I am interested in how lime performs on other random forest models. This journal applies all of the input lime options to a random forest model fit to the iris data.
# Load libraries
library(caret)
library(e1071)
library(furrr)
library(future)
library(gretchenalbrecht)
library(limeaid)
# Source functions
source("../../code/helper_functions.R")
Iris is randomly split into training and testing datasets such that all of the species are represented in the testing data.
# Set a seed
set.seed(20190311)
# Randomly select two cases from within each of the three species of irises
selected <- c(sample(1:50, 4), sample(51:100, 4), sample(101:150, 4))
# Determine the case numbers that were not selected
cases <- 1:150
not_selected <- cases[!(cases %in% selected)]
# Split up the features of the data into training and testing parts
iris_train <- iris[-selected, ]
iris_test <- iris[selected, ] %>% mutate(case = 1:n())

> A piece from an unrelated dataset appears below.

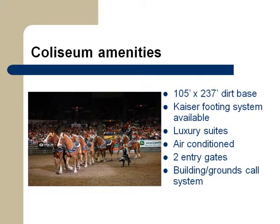The Alliant Energy Center staff has plenty of knowledge and experience in the horse show industry, and the center offers many must-have amenities: a well-groomed dirt footing base, the valued Kaiser footing system, full-service luxury suites, air conditioning, a building, grounds, and barn call system, and on-site camping with hookups are all readily available.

A random forest model is fit to the iris data. The predictions from the model for the testing data are shown in the table below with the actual observed values. The model gets all of the predictions correct.
# Random forest model run on the iris training data
iris_model <- train(x = iris_train %>% select(-Species),
y = iris_train %>% pull(Species),
method = 'rf')
# Predictions made using the random forest model on the testing data
iris_model_predict <- predict(iris_model, iris_test %>% select(-Species, - case))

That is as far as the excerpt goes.